“Who do you say that I am?”
I wonder who Jesus was looking at when he asked his disciples this question. He’d already asked the easy one, what are the crowds saying. But now, he wanted their own view, their personal understanding of what he was all about. I imagine there was some shuffling feet, the sound of a few cleared throats and a few eyes staring at the ground.
But then, Peter has an answer. “You are the messiah.”
And communities of faith ever since have spent many long hours coming up with studies, statements and creeds that have tried to qualify what that means - as a community. And that’s helpful, but only if we understand that a community is a living thing that’s made up of individuals, each of whom is seeking a relationship with God.
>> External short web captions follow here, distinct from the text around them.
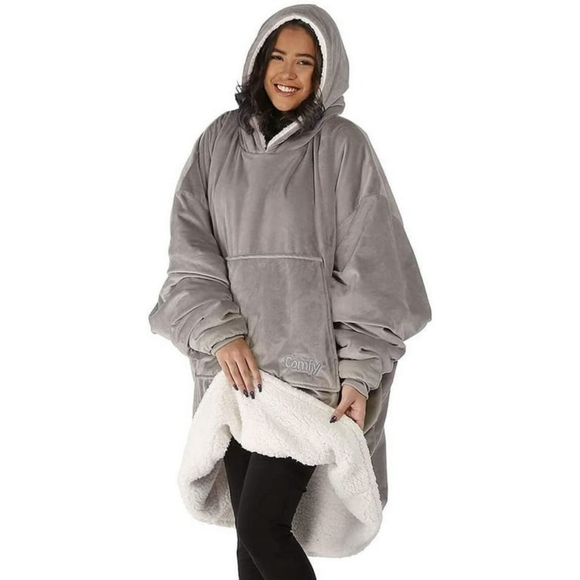 🆕The Comfy Original in Gray - Cozy Wearable Blanket Sherpa / Fleece Unisex OSFM - Picture 1 of 4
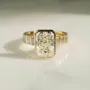 Radiant Cut Diamond White Sterling Silver Yellow Gold Engagement Ring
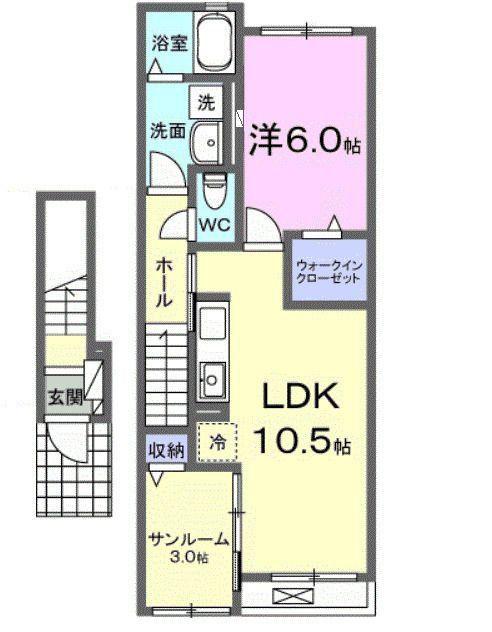 ウィステリアガーデン(1LDK/2階)の間取り写真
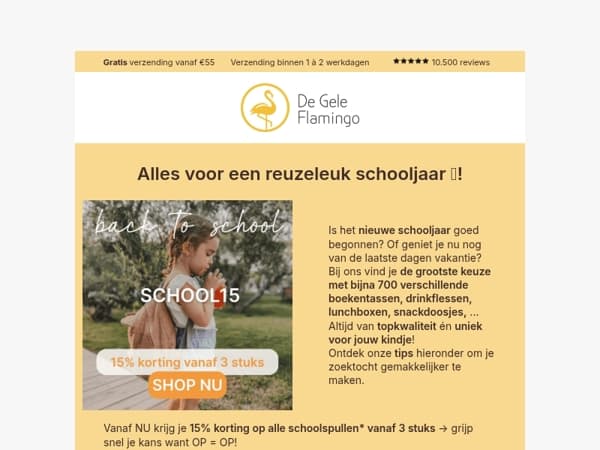 🎒 De leukste schoolspullen nu met 15% korting!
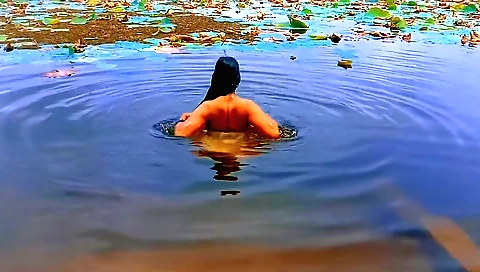 Amateur brunette milf with perfect body shows her beautiful boobs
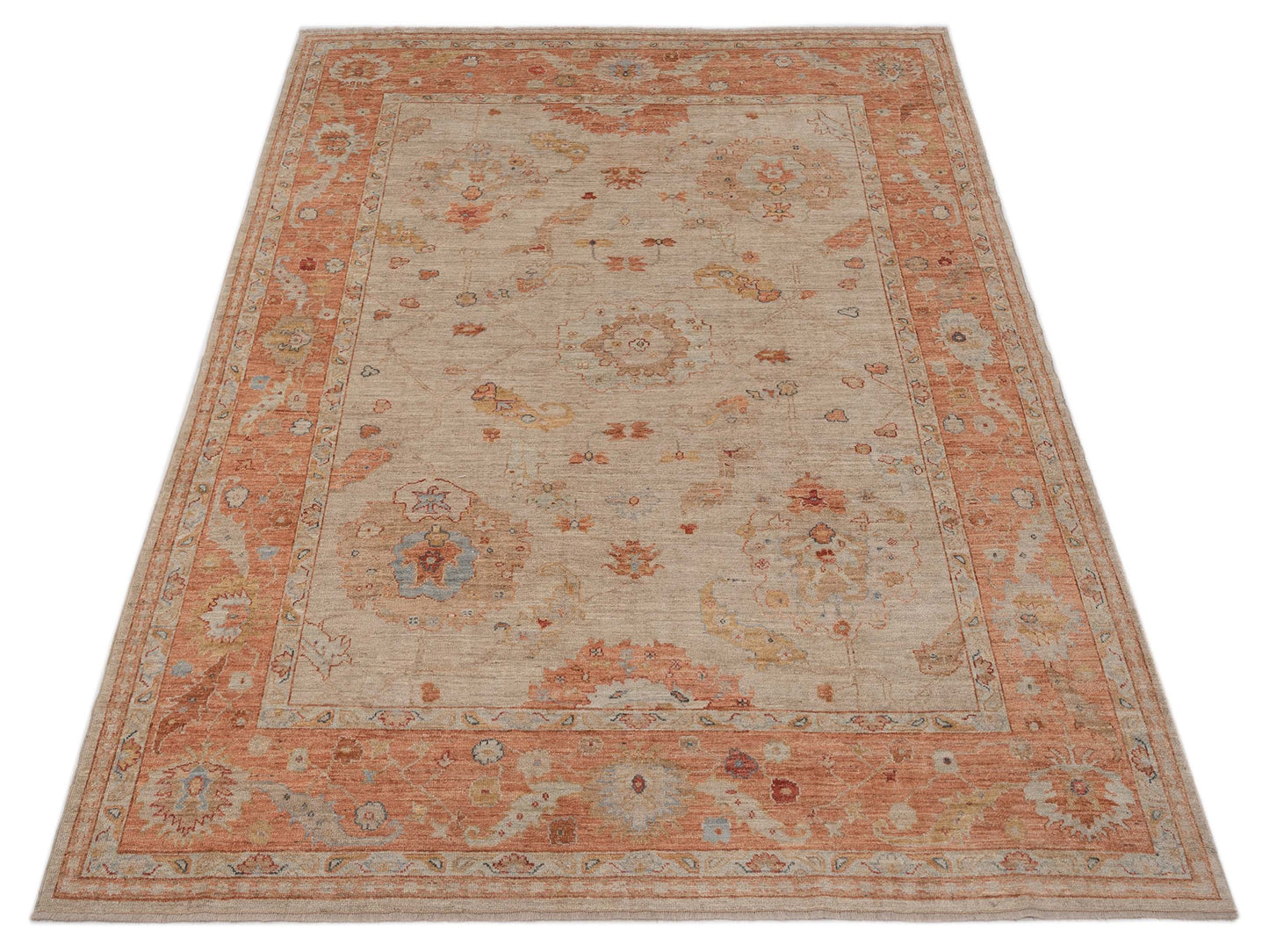 Authentic Angora Oushak Muge Beige Rust Traditional Hand Knotted Rug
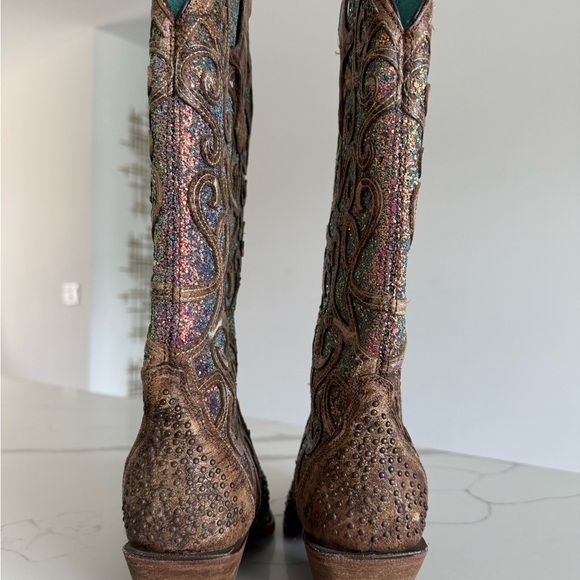 Corral C3467 Brown and iridescent Glitter western Cowboy Boots women’s 7 - Picture 5 of 8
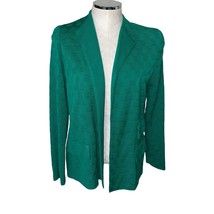 Exclusively Misook Green Checkered Knit Long Sleeve Open Front Cardigan ... - $45.98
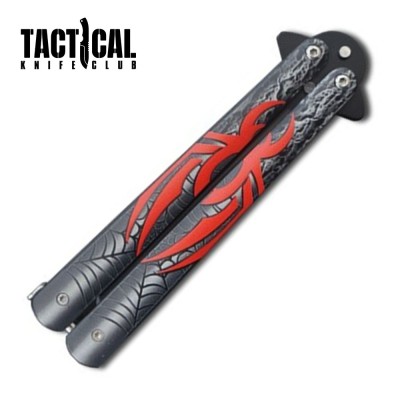 Red Spider Balisong Butterfly Knife – 8.75" Black Blade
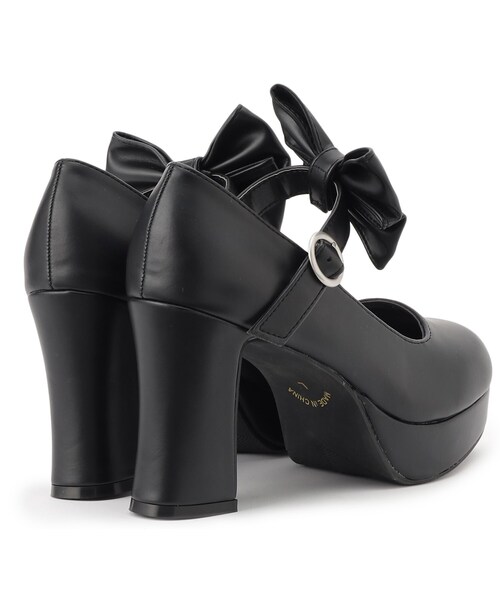 cs T&P（シーエスティーアンドピー）の「厚底チャンキーヒールリボン付きパンプス（パンプス・レディース・ブラック/ホワイト系2/ブラック系1・S/M/L/LL）」の10枚目の写真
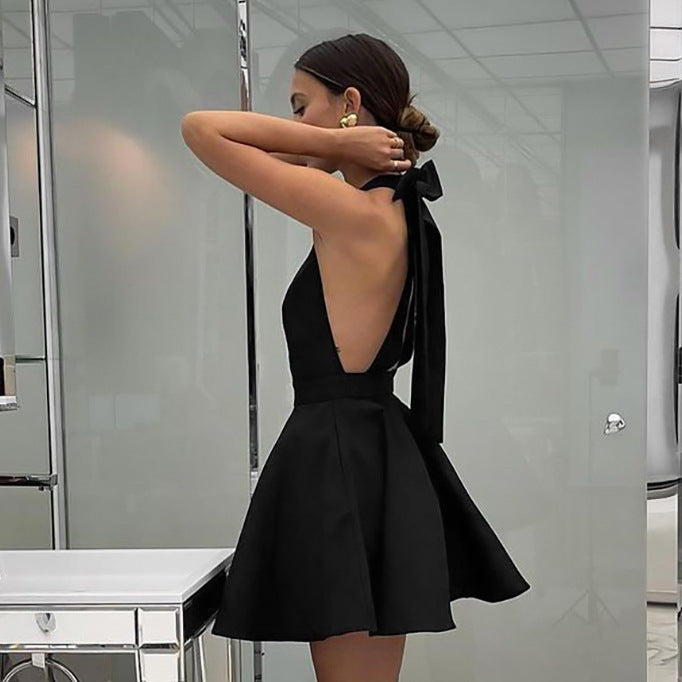 Women's Black High Waist Sleeveless Halter Dress Spring Dresses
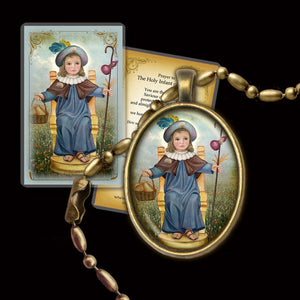 The Holy Child of Atocha (Santo Niño de Atocha) Pendant & Holy Card Gift Set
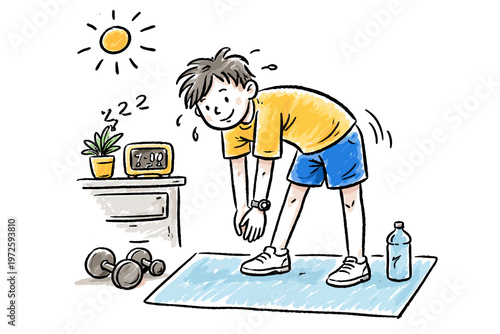 Habit image uneven generation messy simple icon vector person doing exercise healthy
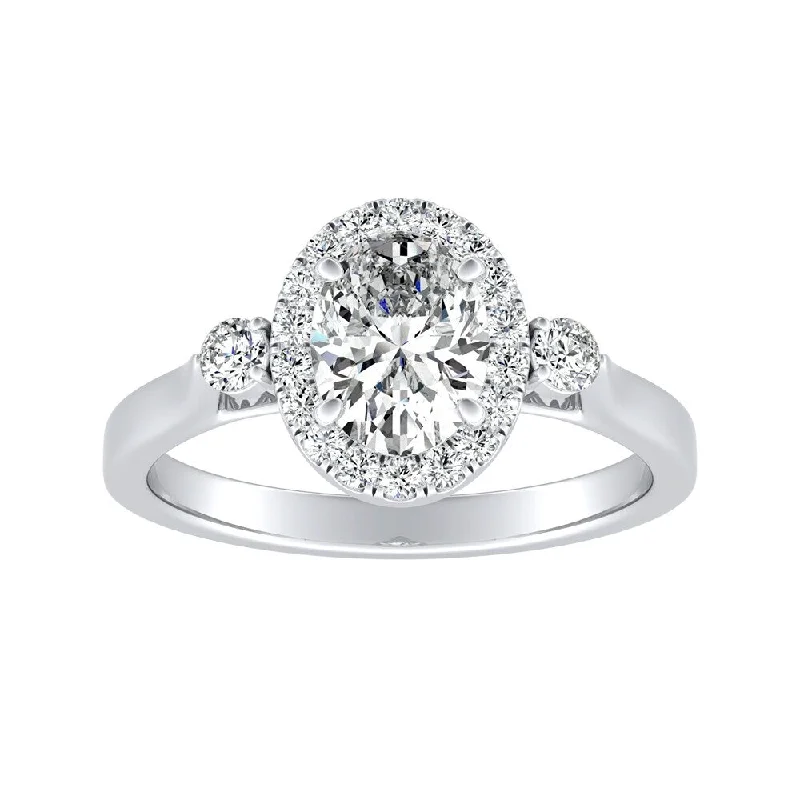 Ladies classic solitaire engagement rings-Auriya 18k Gold 1 1/4ctw Oval 3-stone Halo Diamond Engagement Ring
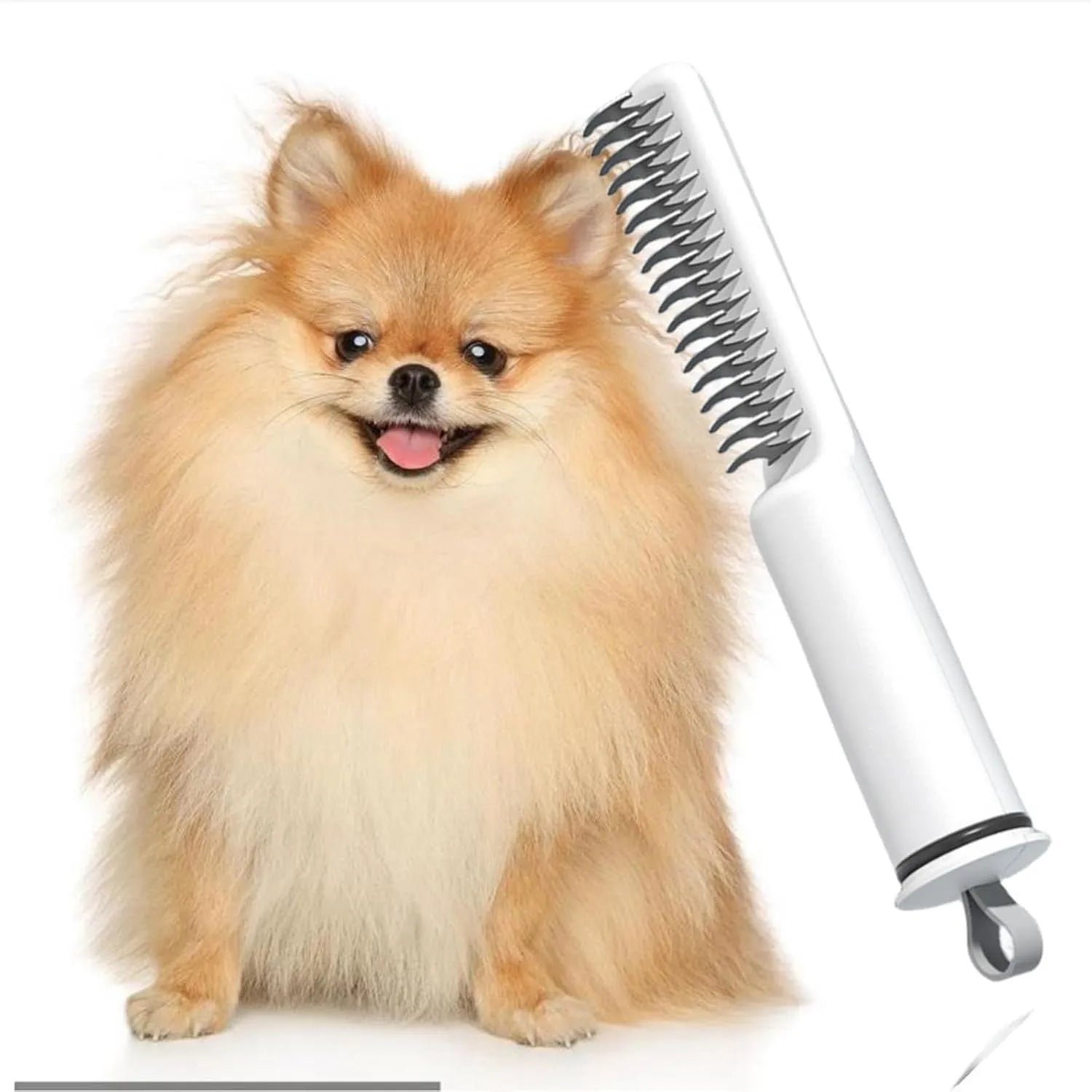 Stainless steel dematting comb with user-friendly handle for removing knots from dog hair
So, who do you say that Jesus is?
If you were to ask me that question, I’d say that my answer has two parts.
First, today - and I say today because I’m alive, like Jesus, and I may grow - today, I say that, for me, Jesus is “God with us,” Emmanuel. I understand that, not in a way that shows us something new or a power that’s remote and unattainable, but in a way that shows us who we truly are and brings us back to our very beginning: we are created in the image of God and of the earth. We, too, are divine and human. Jesus shows us how to live into our divinity and humanity so that we may be wholely, fully, who we truly are.
Jesus reconnects us with God by showing us how God - the life and love of creation - is in each of our hearts. God isn’t just “out there,” but within each of us and we, too, can live that into the world.
I have so much more to say and, more importantly, do to answer that question, but I’m trying to be as succinct as Peter. The fact is, we answer the question in our living as much as in our words, and that can take a lifetime.
Second, I’d say “please tell me who you say Jesus is.” Speak to me from your heart about how you know God, with whatever language is meaningful for you. Show me how you know Jesus, ask questions and share with me a dialogue that allows us to travel together, though we walk our own journeys. Because God is with us and all are made one, not with sameness or uniformity, but in the respect of our diversity and the sharing of it.
So, please, answer the question for yourself, too and, just as good teachers always ask: show your work.